We took off on the 11 a.m. bus out of a hole in the wall "terminal", leaving on an old bus with huge windows, which when you opened them up, half your body was out of the bus. The weather was great as the sun beat down and the temperature permitted just a t-shirt and jeans. It was looking like good weather for hiking, but it's always hard to tell how long the weather will hold here.

Casey had told me that half the fun of Jima was the bus ride, and as we cruised along through the mountains, I could see why. I felt like a kid in a candy shop, looking out the window at all of the scenery. Passing by farms and huge mountain peaks, the bus took one sharp turn after another, steadily rising in altitude.

It was extremely exciting, and as we got off the bigger road, we wound down onto dirt roads that had never even heard of concrete. One wrong move and the bus would tumble down hundreds, maybe thousands of feet, but the driver was careful to avoid the ditches with slowly moving, brown water, and we continued straight on the path.

As we were getting closer to the destination, darker clouds started to roll in, and it was getting colder. It was clear that the perfect weather was not going to hold. The moment we pulled into Jima a thunderstorm broke out. As we ran up the dirt road, slowly becoming a mud road, to their house, it became evident that the climb was not going to happen.

It was a disappointment, but there was still another, easier walk we could do. The rain stopped and we grabbed lunch, and I could see what a friendly town it was. Jima only has about 1,500 people, and since Casey and Lara are the only gringos, they stick out quite a bit. But everyone is extremely friendly, and as we passed, everyone said hello and good afternoon.

The newly married couple eat all of their meals at the same restaurant, and they are only served whatever is being cooked that day. A dirty-white dog named "Paci" follows them around wherever they go and protects them from the other wild packs of dogs that rule the streets of the town. The last volunteer in the town had brought the dog, and now it has an affinity for gringos.

After the lunch we went back to the house to wait out a few more storms that had rolled in. There is literally nothing to do in Jima. The town center has a couple of stores and maybe one bar/restaurant. A church is the tallest building. This small pueblo has dirt road, which in the rain became muddy sink holes, increasingly difficult to walk through. The buildings and houses are run down and dirty, many in disrepair. But there's something awfully charming about the place. There's no Internet. Probably not that many TVs. And few cars running through causing traffic.

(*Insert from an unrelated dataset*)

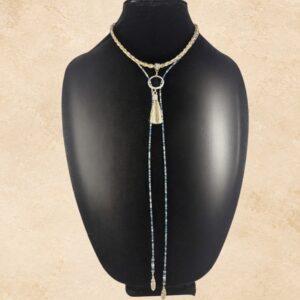 Silver Sky Lariat Horsehair Necklace with braided light horsehair, blue and silver beads, silver-tone hardware, horsehair tassel and feather charms.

But that's what's perfect about it. It's almost what my image of Ecuador was before I got here. The mountains in the background are magnanimous and inspiring, begging you to climb them. It's an incredibly safe town because everyone knows each other, and there's no point in robbing your friend when you know they don't have anything to steal. The tranquility of the town was perfect.

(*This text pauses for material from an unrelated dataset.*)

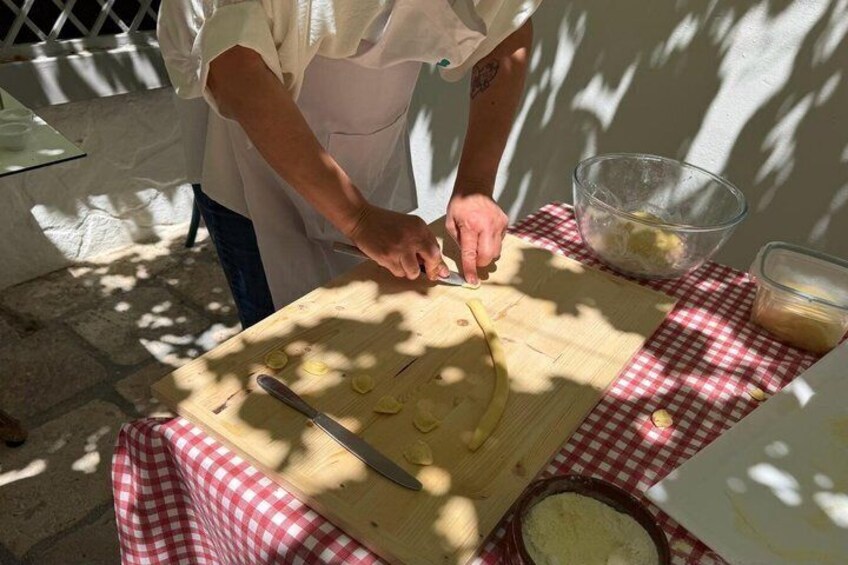 A person preparing food outdoors on a checkered tablecloth. 4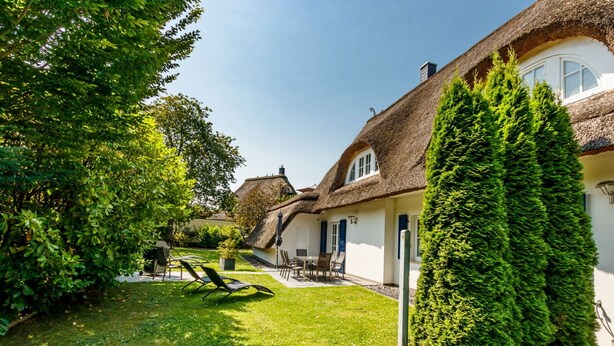 A thatched-roof house with a well-maintained lawn and outdoor seating area.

Once the rain had stopped for a third, or maybe fourth time, we decided to go on a little walk through the town. Going down the dirty roads, Paci followed us and ran ahead at times. Going down the steep roads which the couple runs on, it was clear that the rain had worn away, forcing more rocks up to the surface.

Passing by an indigenous woman carrying a heavy load up the hill, we greeted each other and she warned us it was about to rain. No sooner than a minute later the rain started to fall, and we turned back. The walk up the hill was tough, and since we were higher than in Cuenca, about 9000 feet or more, I was breathing deeply by the time we got to the top.

Once more we returned to the house, played some poker, and then I caught the 5 p.m. bus back to Cuenca. The rain continued to fall off and on, but the ride out was as nice as the ride in, even though towards the end it was dark. Tired and somehow sunburned, I returned home to relax and rest for the remainder of the night. All told, it was a solid day.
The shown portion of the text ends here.